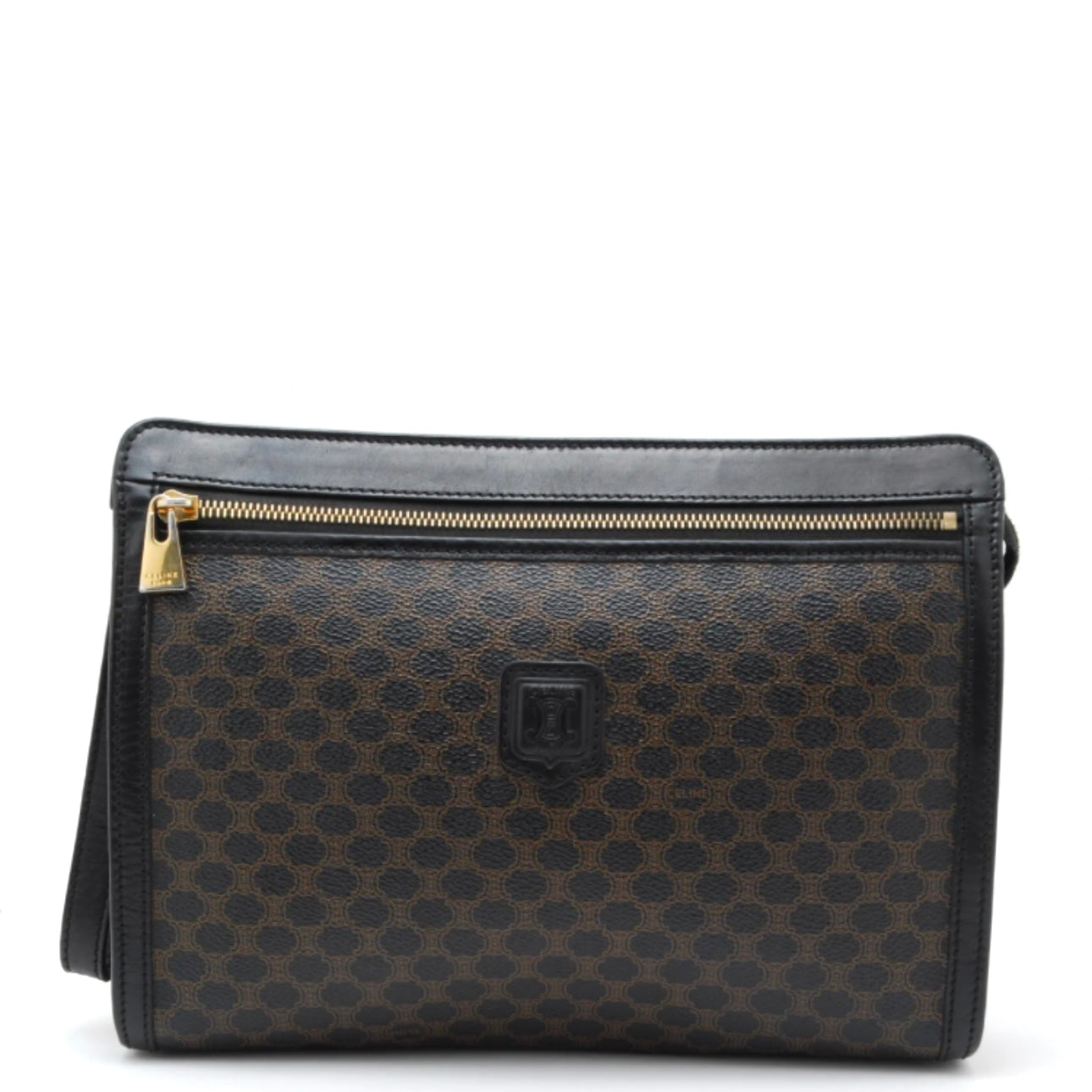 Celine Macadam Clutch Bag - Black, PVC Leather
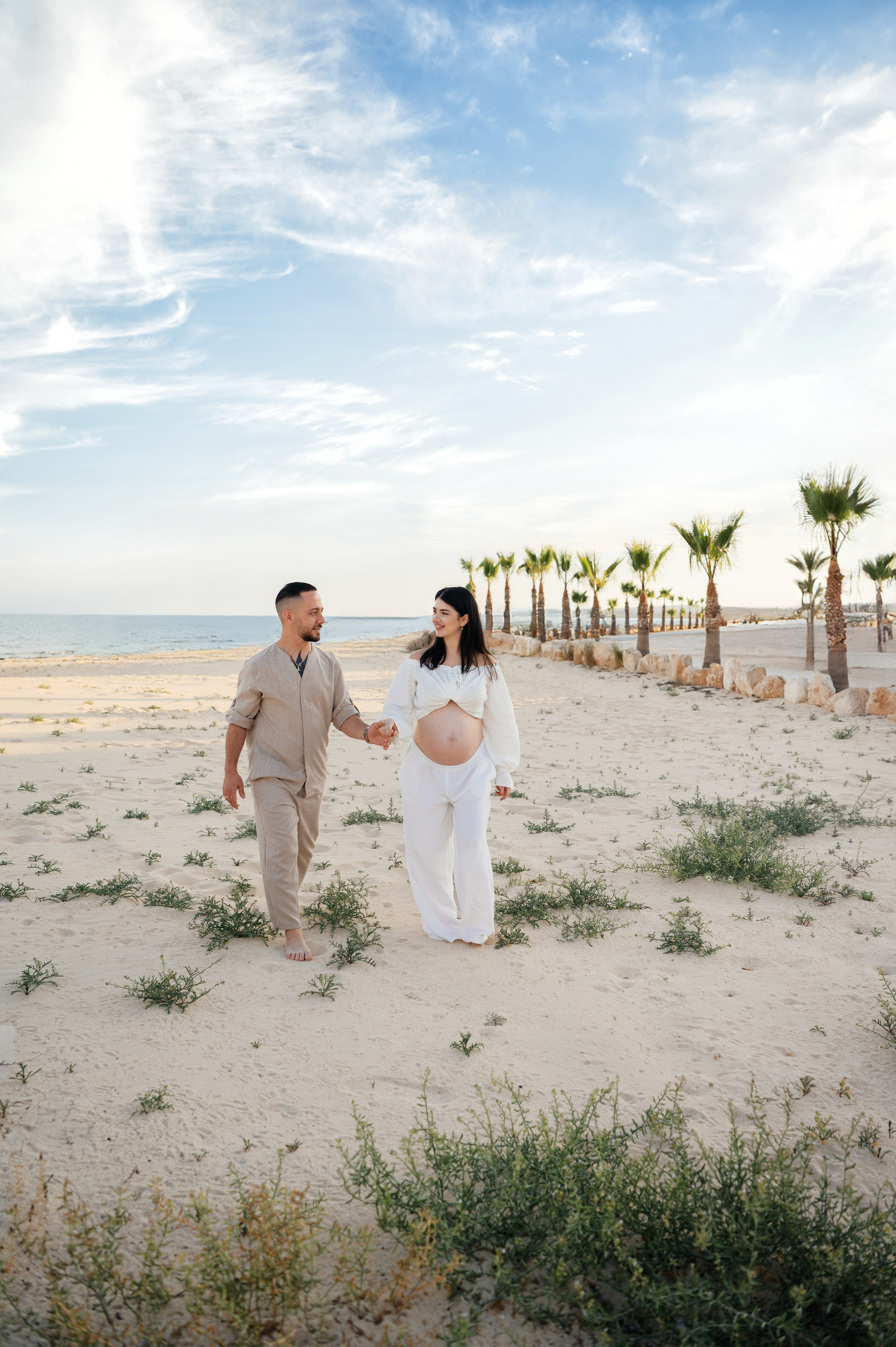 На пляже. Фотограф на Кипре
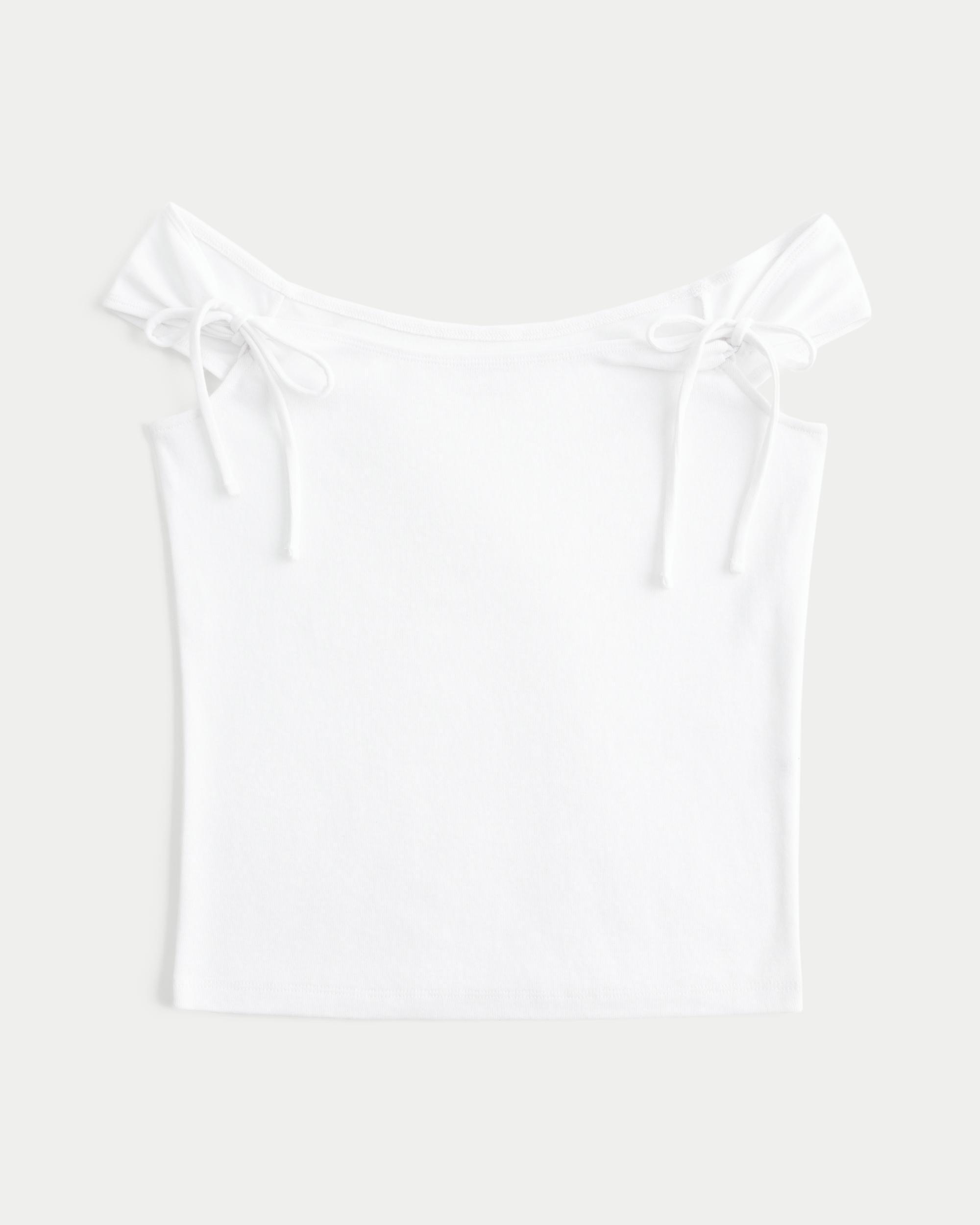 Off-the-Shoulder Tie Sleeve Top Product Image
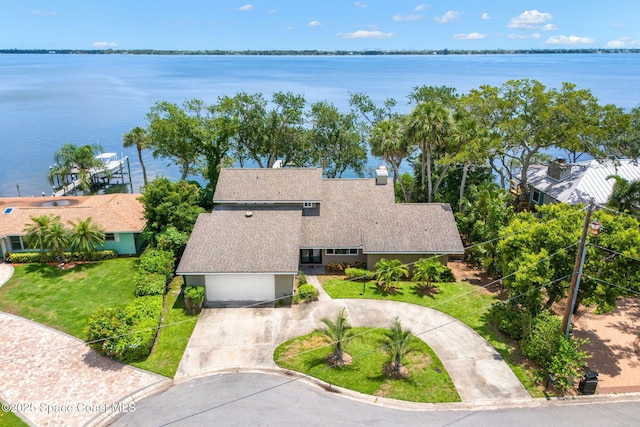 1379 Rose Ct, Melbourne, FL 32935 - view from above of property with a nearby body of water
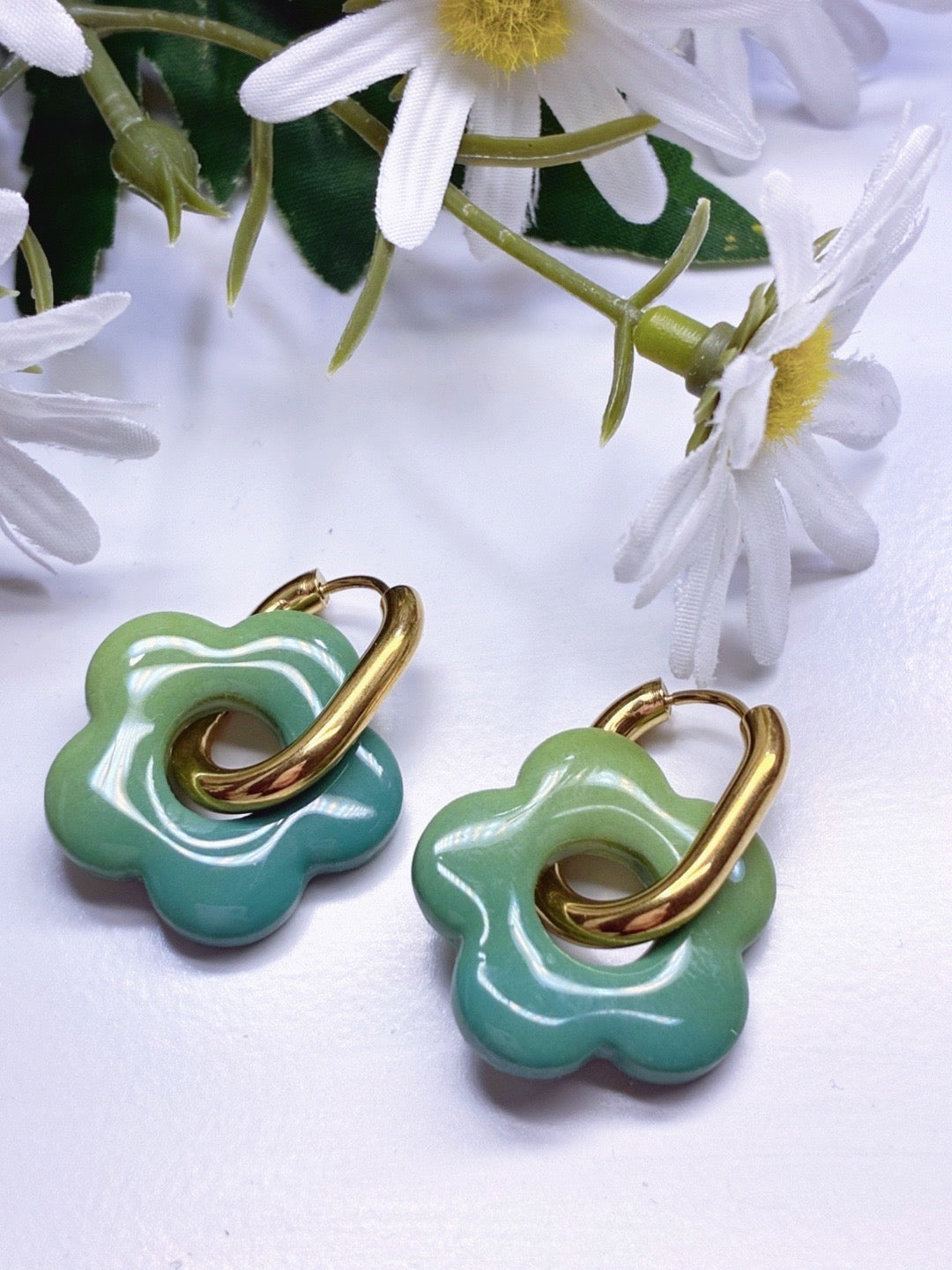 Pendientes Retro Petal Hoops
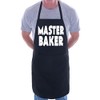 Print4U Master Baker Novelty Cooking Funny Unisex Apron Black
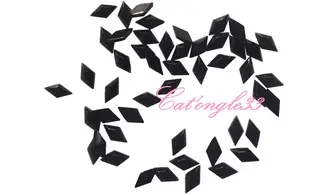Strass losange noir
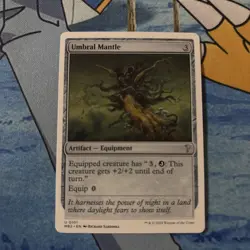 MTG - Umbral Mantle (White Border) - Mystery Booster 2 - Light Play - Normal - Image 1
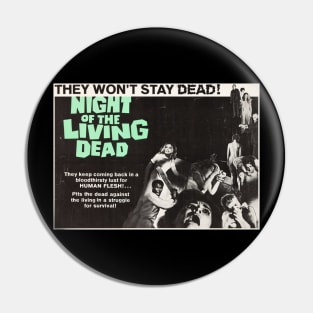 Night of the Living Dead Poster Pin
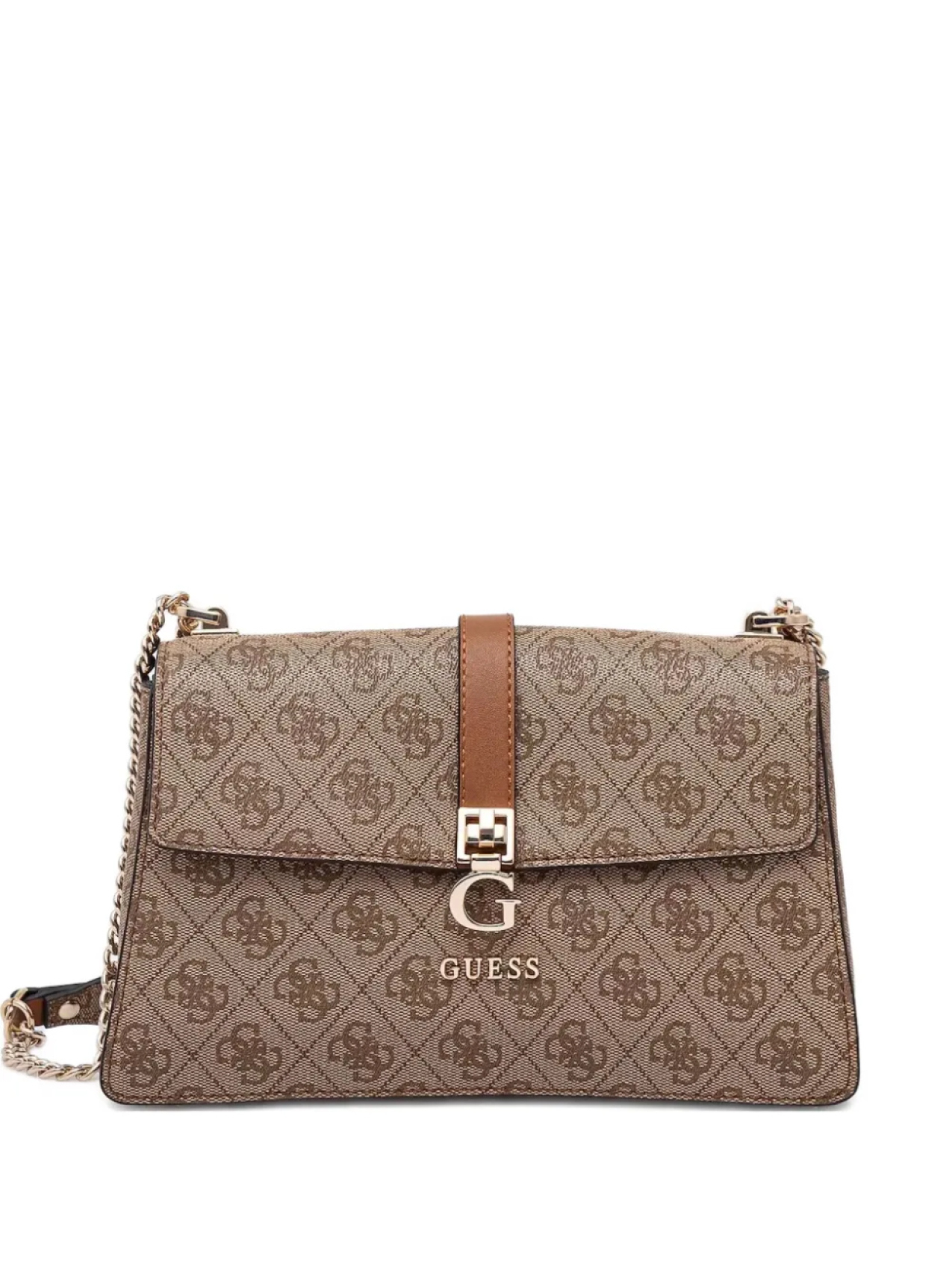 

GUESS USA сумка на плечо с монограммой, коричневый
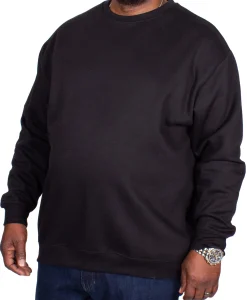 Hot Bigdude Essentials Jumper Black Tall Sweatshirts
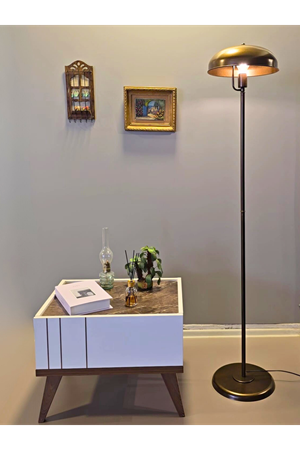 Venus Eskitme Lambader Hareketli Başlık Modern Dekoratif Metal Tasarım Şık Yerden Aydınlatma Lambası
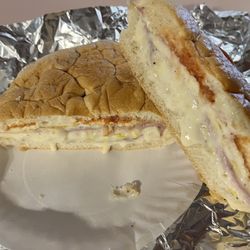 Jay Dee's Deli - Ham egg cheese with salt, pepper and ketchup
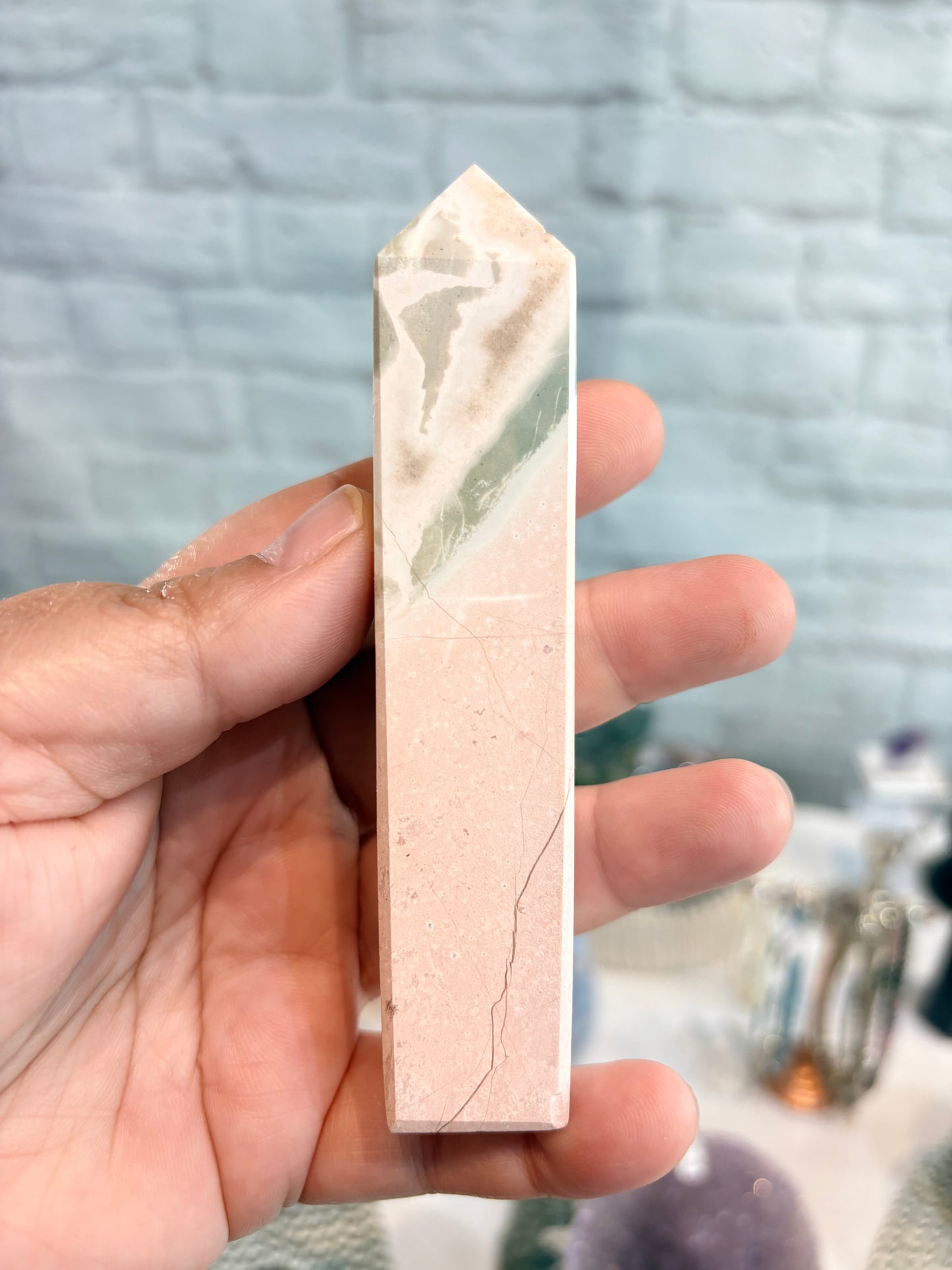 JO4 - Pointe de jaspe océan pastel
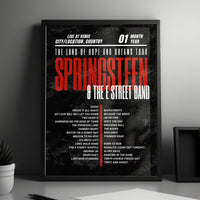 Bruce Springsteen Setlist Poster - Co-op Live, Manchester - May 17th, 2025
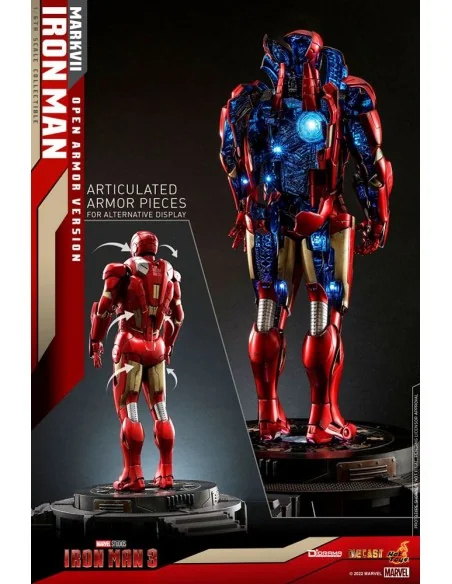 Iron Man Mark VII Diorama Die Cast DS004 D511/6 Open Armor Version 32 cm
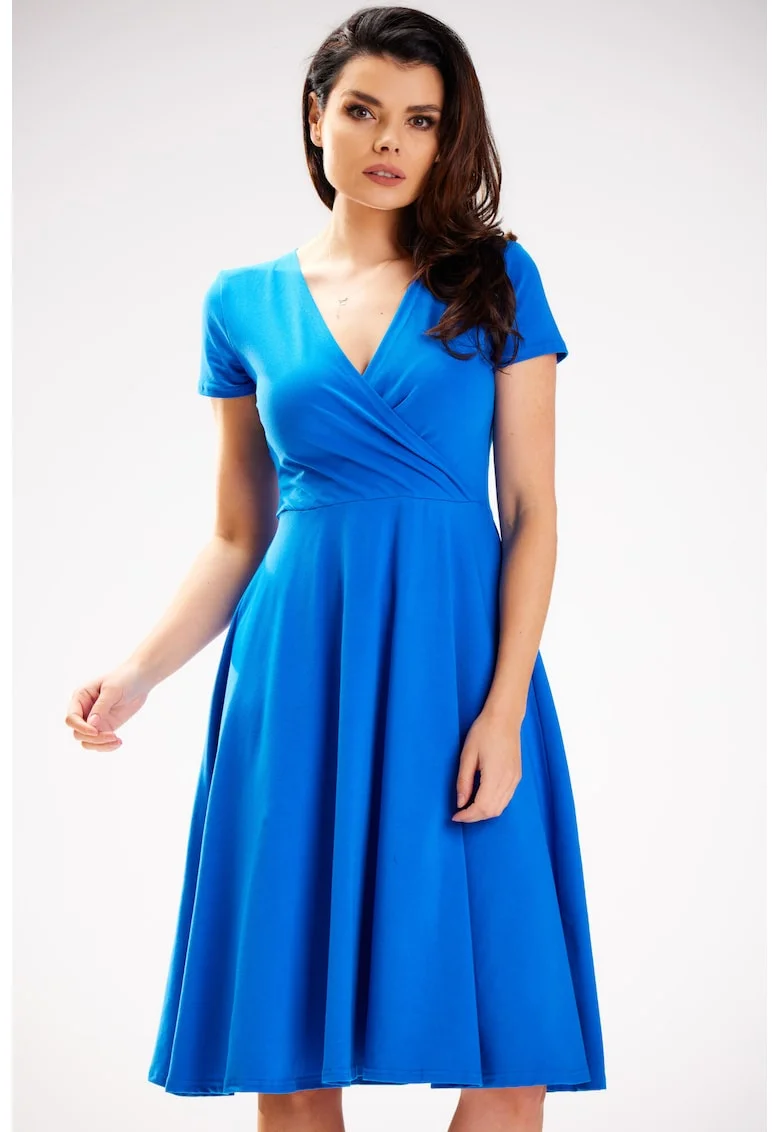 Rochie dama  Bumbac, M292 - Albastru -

- _Work task_: Output all lines above precisely. Pictures are to be left out.

- _Task output_:
 Celine Macadam Clutch Bag - Black, PVC Leather
 На пляже. Фотограф на Кипре
 Off-the-Shoulder Tie Sleeve Top Product Image
 1379 Rose Ct, Melbourne, FL 32935 - view from above of property with a nearby body of water
 Pendientes Retro Petal Hoops
 Print4U Master Baker Novelty Cooking Funny Unisex Apron Black
Strass losange noir
 MTG - Umbral Mantle (White Border) - Mystery Booster 2 - Light Play - Normal - Image 1
 Night of the Living Dead Poster Pin

GUESS USA сумка на плечо с монограммой, коричневый
 Hot Bigdude Essentials Jumper Black Tall Sweatshirts
 Venus Eskitme Lambader Hareketli Başlık Modern Dekoratif Metal Tasarım Şık Yerden Aydınlatma Lambası
 Jay Dee's Deli - Ham egg cheese with salt, pepper and ketchup
 JO4 - Pointe de jaspe océan pastel
 Bruce Springsteen Setlist Poster - Co-op Live, Manchester - May 17th, 2025
 Iron Man Mark VII Diorama Die Cast DS004 D511/6 Open Armor Version 32 cm
 Rochie dama  Bumbac, M292 - Albastru -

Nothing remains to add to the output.